A victory for simple methods: Isotonic Regression is a classic method from the last century, yet after adaptation, it easily beats all complex train-time methods.
Highly practical: Post-hoc calibrators can be attached as a plug-and-play component to any pre-trained detector, requiring no retraining.
ECCV Oral Paper: Indicates that the reviewers recognized the high importance of this "course-correcting" type of work.

Limitations & Future Work¶

Post-hoc methods require a calibration validation set, which may be a limitation in data-scarce scenarios.
Presently validated only under COCO-style evaluations, leaving more application scenarios (such as online learning and domain adaptation) to be explored.
Only class-level calibration was explored, while instance-level calibration (considering object size, occlusion, etc.) remains a potential direction.
The LaECE metric itself may still have room for further improvement.

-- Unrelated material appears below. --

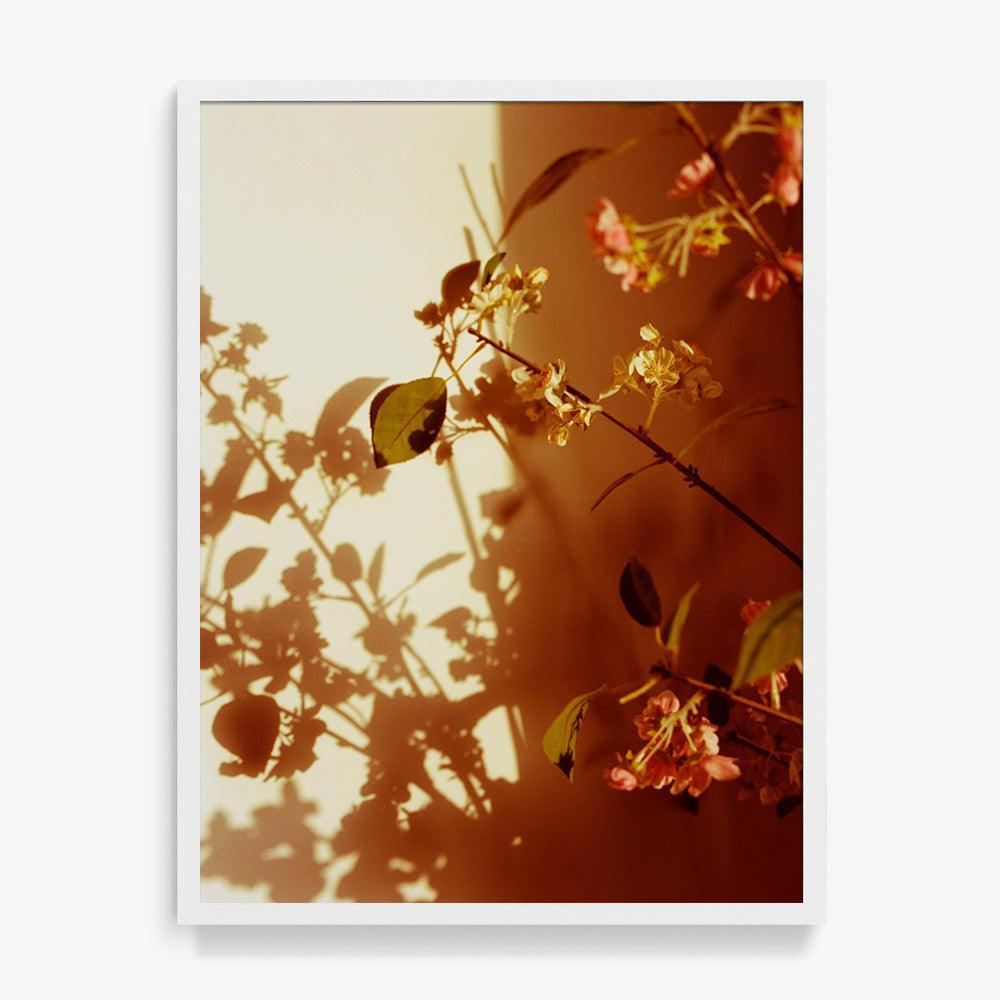 Photograph by Katie Burdon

Cal-DETR (CVPR 2024): A train-time calibration method, which is significantly outperformed by the post-hoc method proposed in this paper.
Temperature Scaling (ICML 2017): A classic post-hoc calibration method, but not directly applicable to detection tasks.
LRP Error (TPAMI 2022): A metric for comprehensively evaluating detector performance.
Insight: Before pursuing complex methods, first ensure the correctness of the evaluation framework—flawed evaluation can mislead the entire research direction.

Rating¶

Novelty: ⭐⭐⭐⭐ (profound insights at the methodological level, rather than just technical innovation)
Experimental Thoroughness: ⭐⭐⭐⭐⭐ (multiple datasets, multiple detectors, and exhaustive ablations)
Writing Quality: ⭐⭐⭐⭐⭐ (thorough analysis and rigorous argumentation)
Value: ⭐⭐⭐⭐⭐ (corrects a misconception within the field and provides practical plug-and-play tools)